In this project we will compare the traditional method for enhancing the resolution of images with various deep learning pretrained models.
You can watch the video-based tutorial with a step-by-step explanation down below.
Download Modules
We will download the deep learning modules that we will use in this project
# links to download models
https://github.com/Saafke/EDSR_Tensorflow/blob/master/models/
https://github.com/fannymonori/TF-LapSRN/blob/master/export/LapSRN_x8.pb
In this project we have used two different deep learning models EDSR and LapSRN which enhances the resolution of the low quality images
Using the above given links we can download this models
In this project we will see how this models are used to enhance the resolution of low quality images and compare these with the traditional method
Import Modules
import cv2
from cv2 import dnn_superres
cv2 - OpenCV module
Enhancing images with super resolution using EDSR Model
EDSR (Enhanced Deep Super-Resolution) is a popular deep learning model used for single-image super-resolution tasks. It aims to generate a high-resolution image from a low-resolution input image.
EDSR is known for its simplicity and effectiveness in achieving state-of-the-art performance in super-resolution tasks
Now let us see the steps involved in enhancing the resolution of low quality images using EDSR deep learning model
First we will initialize the super resolution object
# initialize super resolution object
sr = dnn_superres.DnnSuperResImpl_create()
# read the model
path = 'EDSR_x4.pb'
sr.readModel(path)
# set the model and scale
sr.setModel('edsr', 4)
First we will create an instance of the DnnSuperResImpl class, which will be used to perform super-resolution using deep neural networks
Next the readModel() method is used to load the pre-trained EDSR model from the specified path. The model is usually stored in a .pb file format
Next set the loaded EDSR model as the active model for super-resolution. The first argument is the model type, which in this case is 'edsr'. The second argument specifies the scaling factor, which determines the degree of upscaling
After executing these steps, the sr object can be used to perform super-resolution using the EDSR model
Next step is optional if you have cuda support then you can execute the below code to set the preferable backend and target else it will use the CPU
# if you have cuda support
sr.setPreferableBackend(cv2.dnn.DNN_BACKEND_CUDA)
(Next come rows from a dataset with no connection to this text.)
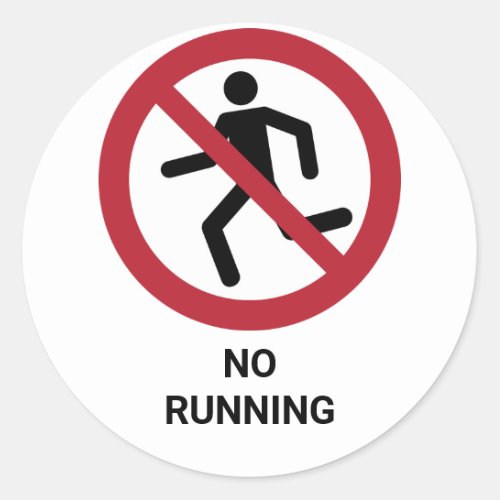 No Running Prohibition Sign Classic Round Sticker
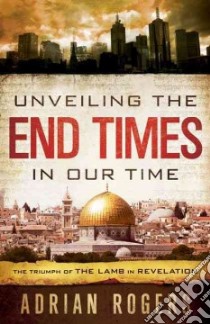 Unveiling the End Times in Our Time libro in lingua di Rogers Adrian, Rogers Steve (CON)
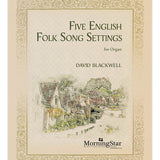 Blackwell D. - Five English Folk Song Settings - Remenyi House of Music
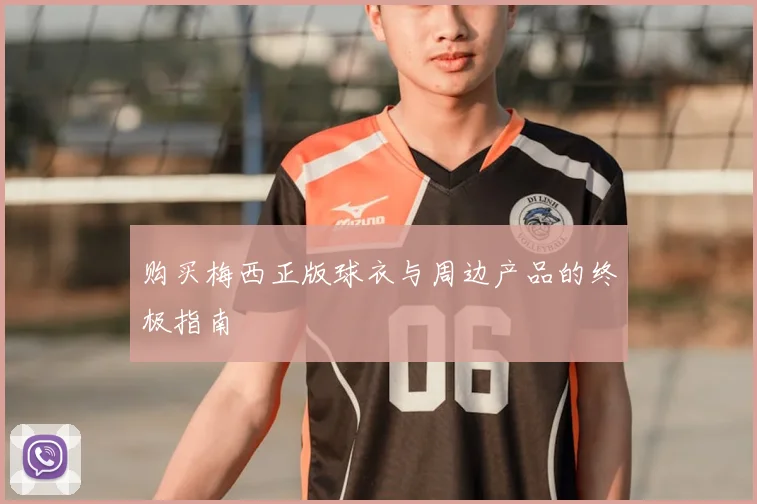 购买梅西正版球衣与周边产品的终极指南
sr.setPreferableTarget(cv2.dnn.DNN_TARGET_CUDA)
setPreferableBackend() sets the preferable backend for the EDSR model to CUDA. By setting the backend to CUDA, the EDSR model can leverage the power of NVIDIA GPUs for faster inference.
setPreferableTarget() sets the preferable target for the EDSR model to CUDA
By setting both the backend and target to CUDA, you ensure that the EDSR model utilizes the GPU's parallel processing capabilities, which can significantly speed up the super-resolution process compared to using only the CPU
Next we will have to feed the image for which you want to upscale the resolution
# load the image
image = cv2.imread('test.png')
This will load the given image
Next we will upscale the image using initialized EDSR model
# upsample the image
upscaled = sr.upsample(image)
# save the upscaled image
cv2.imwrite('upscaled_test.png', upscaled)
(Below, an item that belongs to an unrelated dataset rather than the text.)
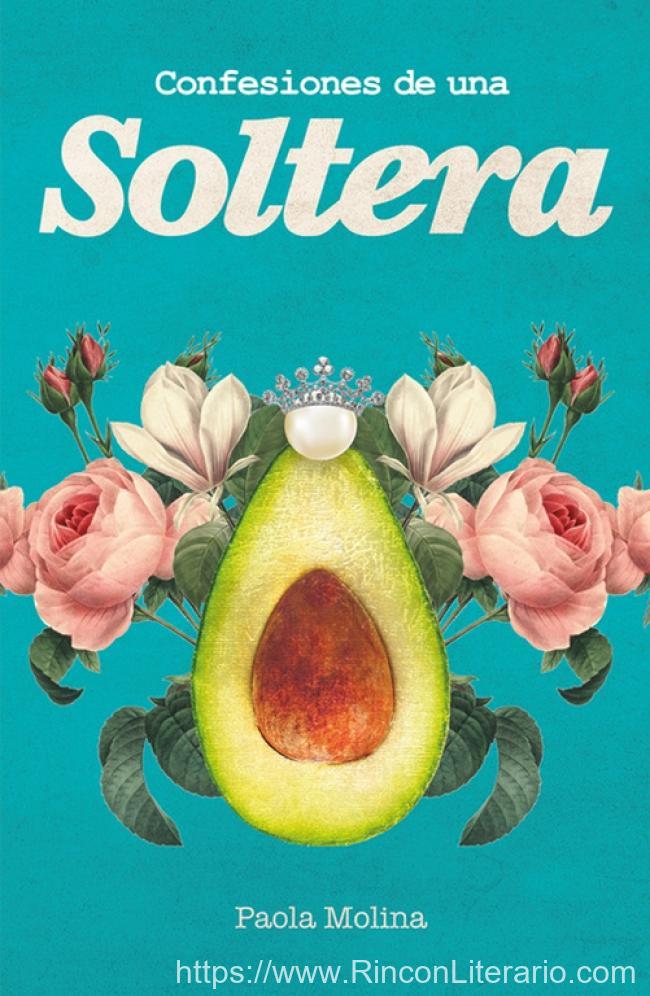 Confesiones de una soltera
upsample() method of the sr object is used to perform super-resolution on the input image. The method takes the low-resolution image as input and returns the corresponding high-resolution image obtained through the EDSR model.
We will save the image obtained using imwrite() function from OpenCV. This function takes the filename ('upscaled_test.png') and the image array (upscaled) as inputs and writes the image to the specified file path.
Next we will upscale the same image using traditional bicubic model
# traditional method - bicubic
bicubic = cv2.resize(image, (upscaled.shape[1], upscaled.shape[0]), interpolation=cv2.INTER_CUBIC)
# save the image
cv2.imwrite('bicubic_test.png', bicubic)
cv2.resize() function performs bicubic interpolation on the low-resolution image and resizes the image to the specified dimensions of the upscaled image using bicubic interpolation
We will save the image obtained using imwrite() function from OpenCV. This function takes the filename ('bicubic_test.png') and the image array (bicubic) as inputs and writes the image to the specified file path
Next we will compare the upscaled image from both models
This is the low resolution input image
The resolution of this image is 232 X 155
This is the upscaled image obtained using EDSR model
The resolution of this image is 928 X 620
We can see that the resolution of original image is enhanced by 4 times and the quality is also retrieved.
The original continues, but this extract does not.